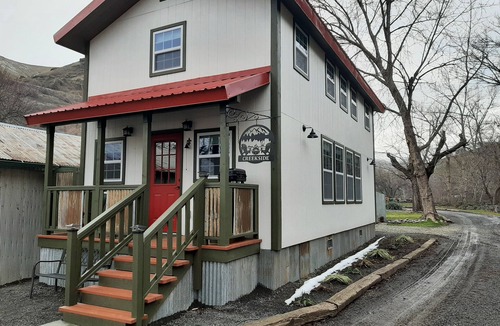 White Bird House | Welcome to the Creekside, our newly built cabin on White Bird Creek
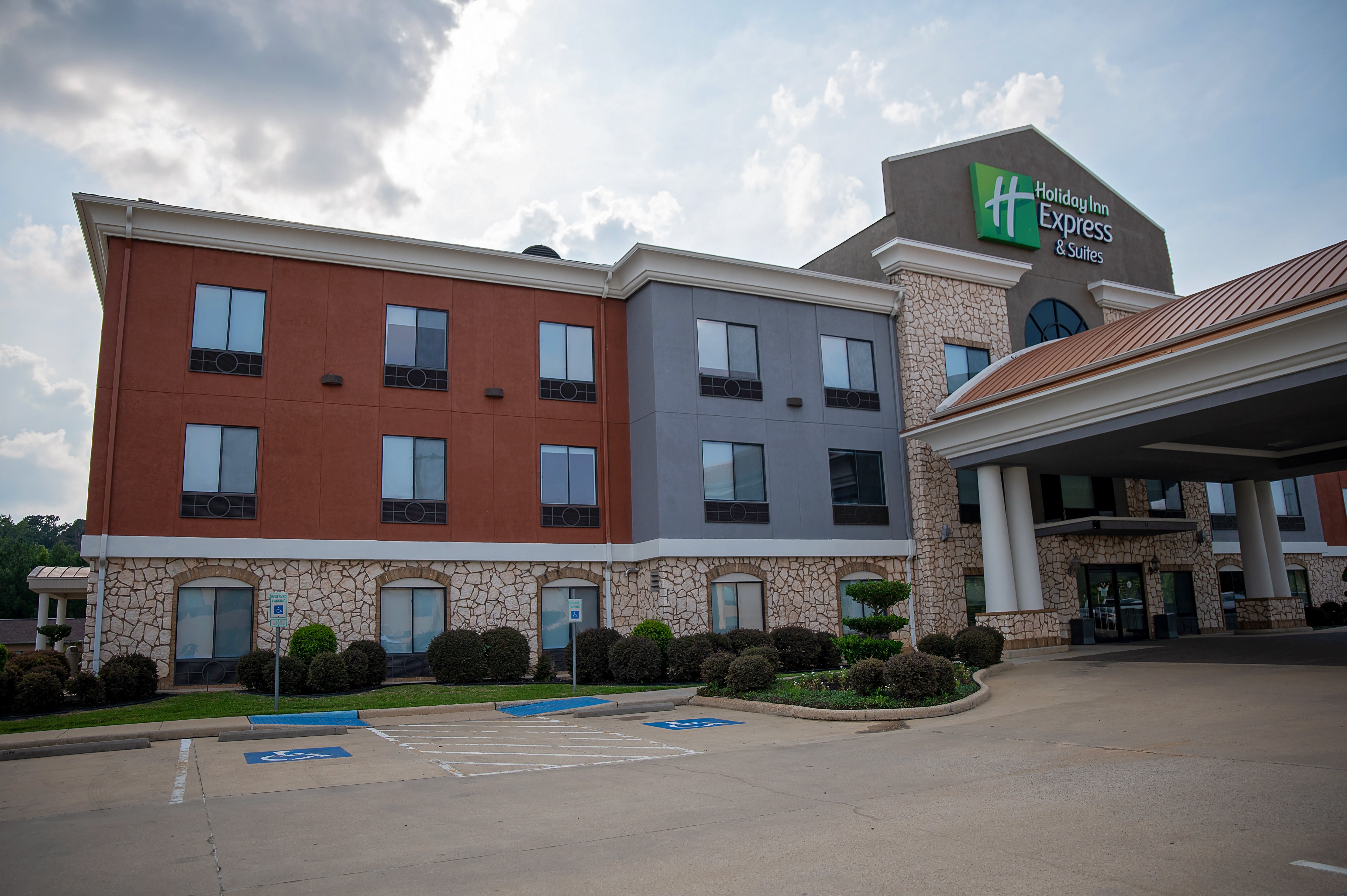 Holiday Inn Express Hotel & Suites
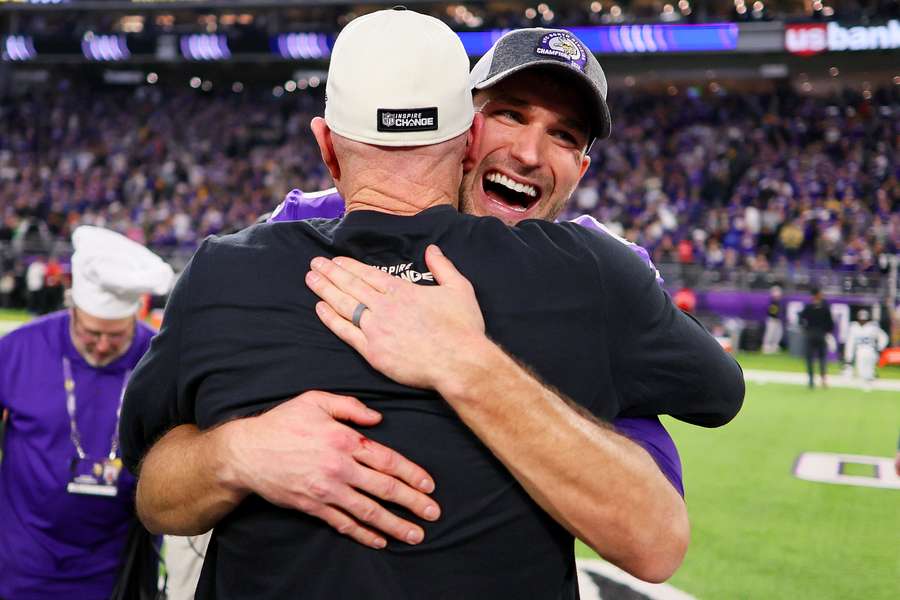 Kirk Cousins von den Minnesota Vikings jubelt nach dem Sieg über die Indianapolis Colts auf dem Spielfeld.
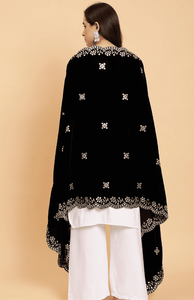 Dupattas de terciopelo de diseñador para mujeres al por mayor ingeniosamente bordadas con bordes de recortes para ocasiones festivas y de boda - Product Image 4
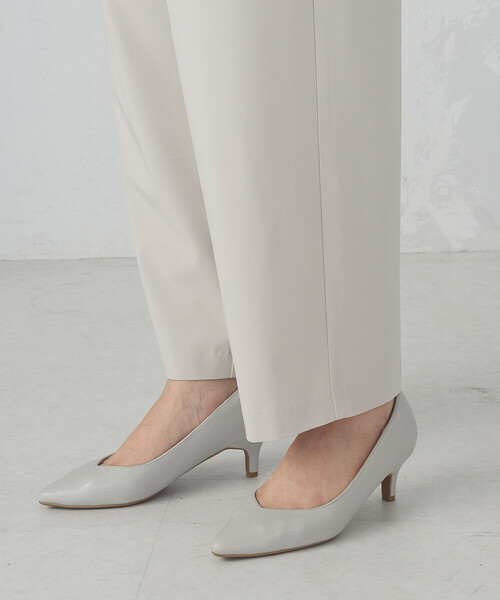 COMME CA ISM(コムサイズム)の「ワイド テーパードシルエットパンツ(その他パンツ・レディース・チャコール/グレイッシュベージュ・LARGE/MEDIUM)」の17枚目の写真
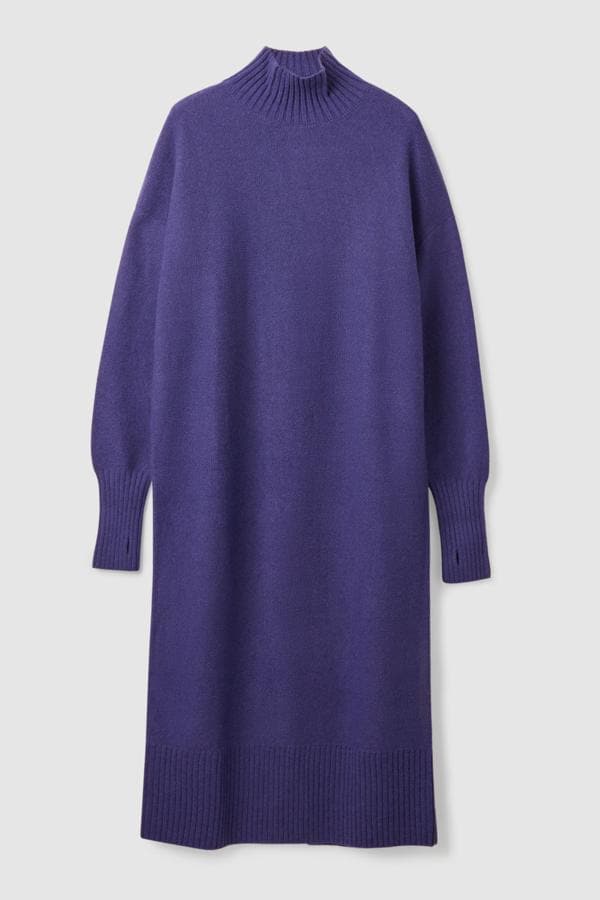 COS - Vestidos y faldas para llevar con botas. Vestido de lana púrpura con mangas abullonadas, de COS. Un diseño de corte ligeramente oversize, que además de cómodo resulta muy confortable. Precio: 99€.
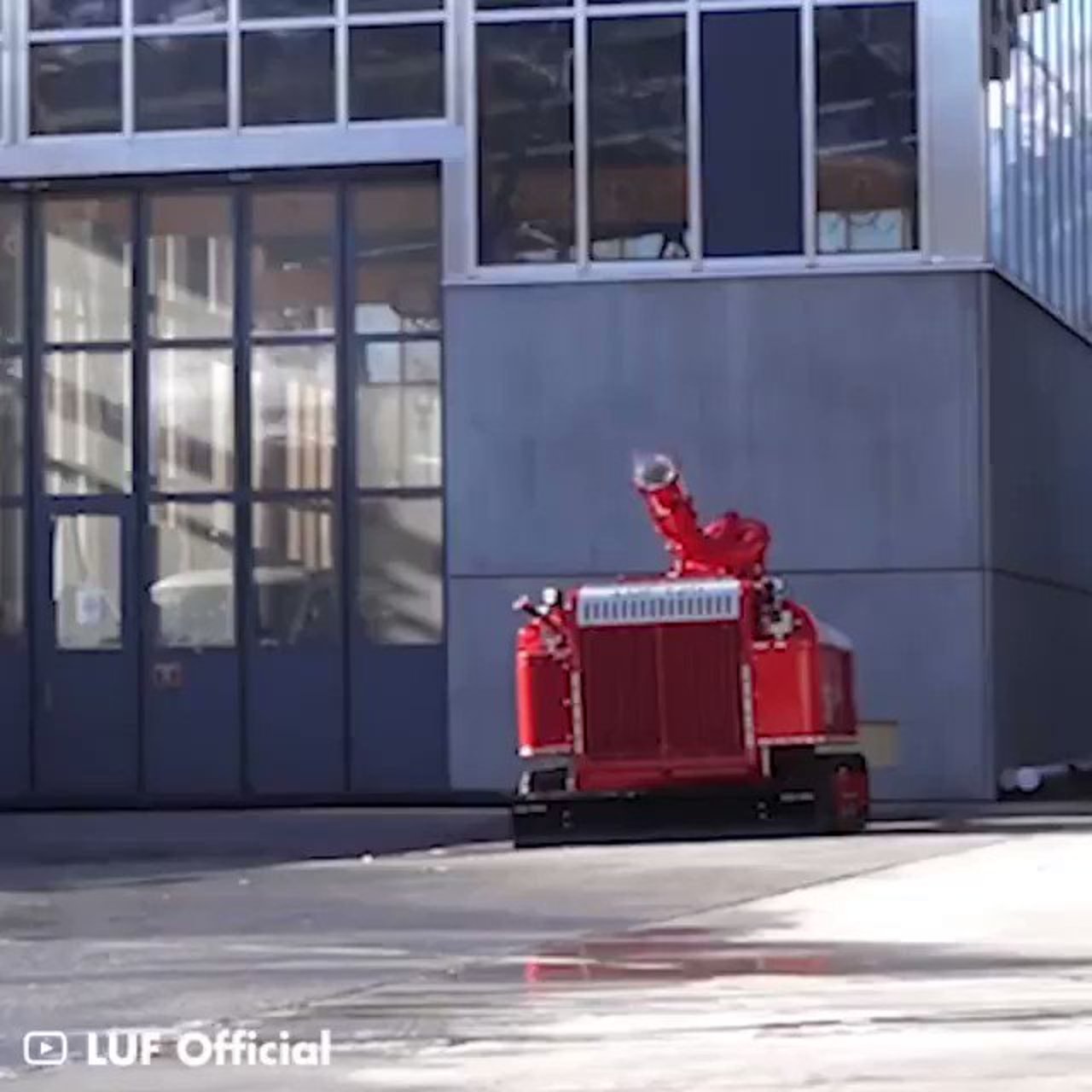 This #Robot throws water from 361 ft away to put out a large fire by @gigadgets_ #AI #ArtificialIntelligence #MI #Robotics #Engineering #Innovation #FutureOfWork #Tech #Technology cc: @ronald_vanloon @pbalakrishnarao @chr1sa https://t.co/RB4AyofnDm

• What the task asks: Give back each line above verbatim, dropping every picture.

• Expected answer:
 White Bird House | Welcome to the Creekside, our newly built cabin on White Bird Creek
 Holiday Inn Express Hotel & Suites
 Kirk Cousins von den Minnesota Vikings jubelt nach dem Sieg über die Indianapolis Colts auf dem Spielfeld.
 Dupattas de terciopelo de diseñador para mujeres al por mayor ingeniosamente bordadas con bordes de recortes para ocasiones festivas y de boda - Product Image 4
 COMME CA ISM(コムサイズム)の「ワイド テーパードシルエットパンツ(その他パンツ・レディース・チャコール/グレイッシュベージュ・LARGE/MEDIUM)」の17枚目の写真
 COS - Vestidos y faldas para llevar con botas. Vestido de lana púrpura con mangas abullonadas, de COS. Un diseño de corte ligeramente oversize, que además de cómodo resulta muy confortable. Precio: 99€.
 This #Robot throws water from 361 ft away to put out a large fire by @gigadgets_ #AI #ArtificialIntelligence #MI #Robotics #Engineering #Innovation #FutureOfWork #Tech #Technology cc: @ronald_vanloon @pbalakrishnarao @chr1sa https://t.co/RB4AyofnDm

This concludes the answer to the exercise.